Would you restate each line of the data below word for word, without its pictures?

The data section start

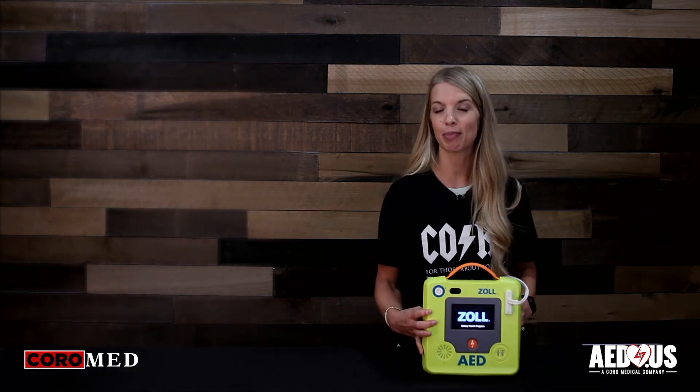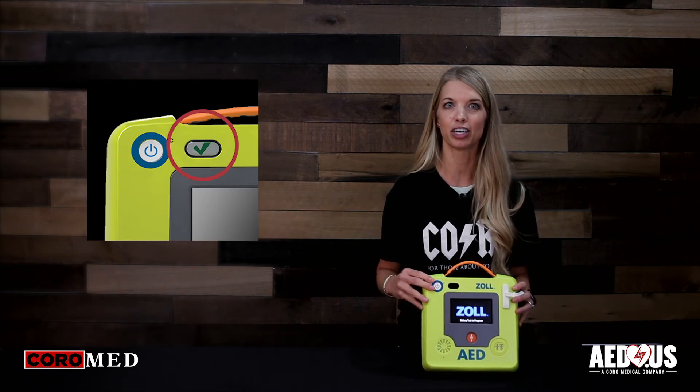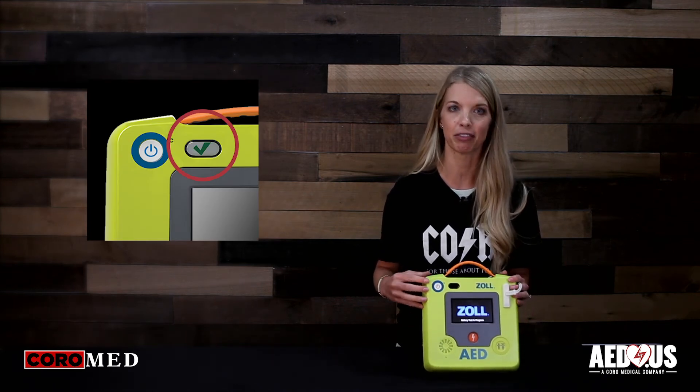Once you've changed the pads or battery, verify the status indicator has a green check mark and the AED is ready for rescue.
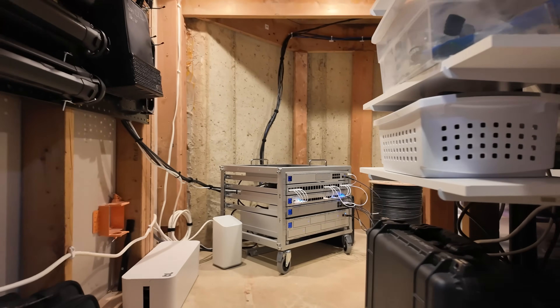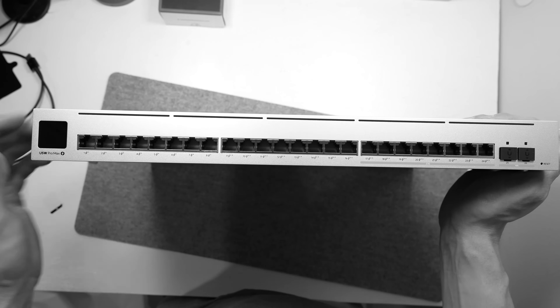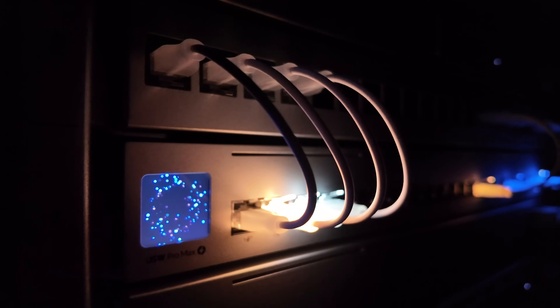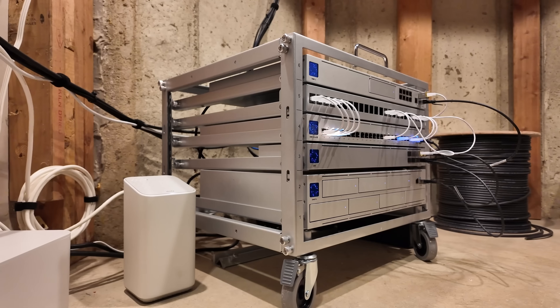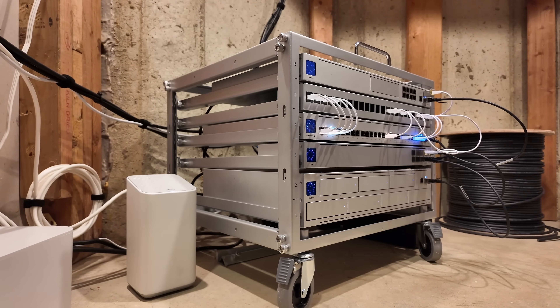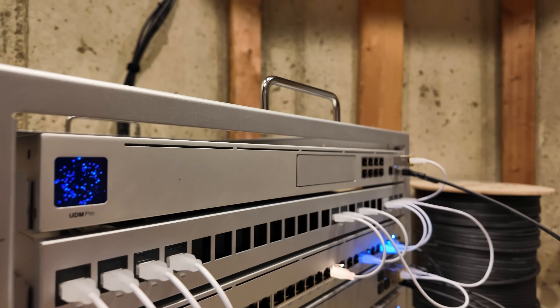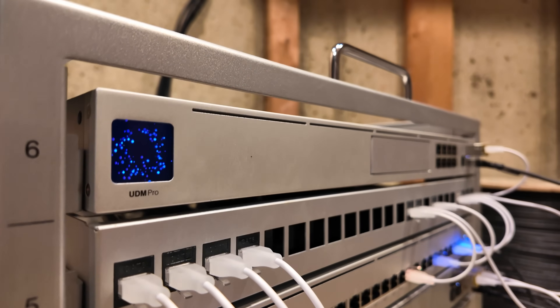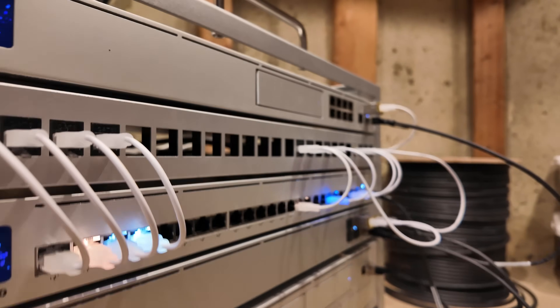Let me show you what the server closet looks like now that all this work is finally done. Coming in here we have the tool-less mini rack and my cable modem. This is the USW 24-port Pro Max switch from Ubiquiti with the ether lighting — I love how that looks. I don't have too many cables in my patch panel just yet, but I'm really excited with how it turned out. Going up, I still have my UDM Pro, with a lot less stuff plugged into it.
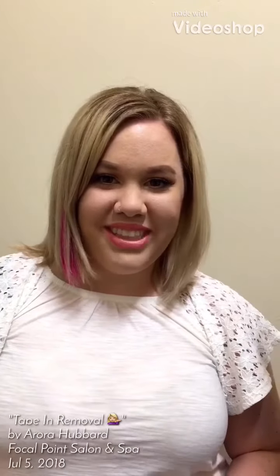Hi, it's Aurora with Focal Point Salon and Spa, and today we're going to be going over tape-in removal and why you shouldn't be doing it at home.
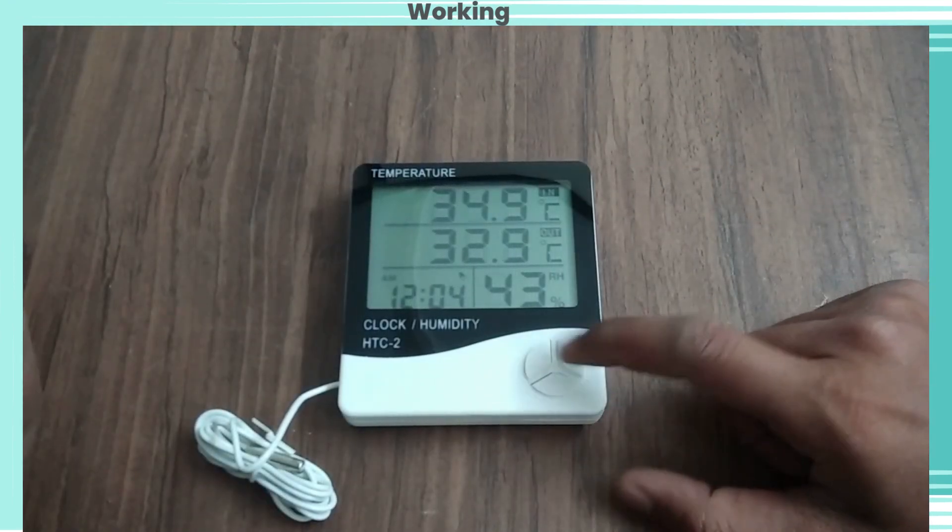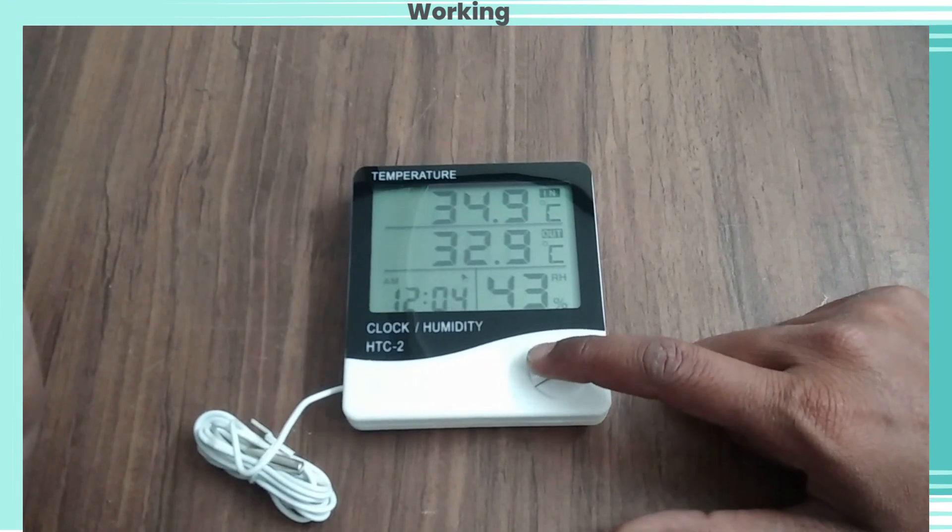Now let's see the working. Here we can change the temperature, time, and humidity according to our application.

The data section end

--- Reply ---
Once you've changed the pads or battery, verify the status indicator has a green check mark and the AED is ready for rescue.
Let me show you what the server closet looks like now that all this work is finally done. Coming in here we have the tool-less mini rack and my cable modem. This is the USW 24-port Pro Max switch from Ubiquiti with the ether lighting — I love how that looks. I don't have too many cables in my patch panel just yet, but I'm really excited with how it turned out. Going up, I still have my UDM Pro, with a lot less stuff plugged into it.
Hi, it's Aurora with Focal Point Salon and Spa, and today we're going to be going over tape-in removal and why you shouldn't be doing it at home.
Now let's see the working. Here we can change the temperature, time, and humidity according to our application.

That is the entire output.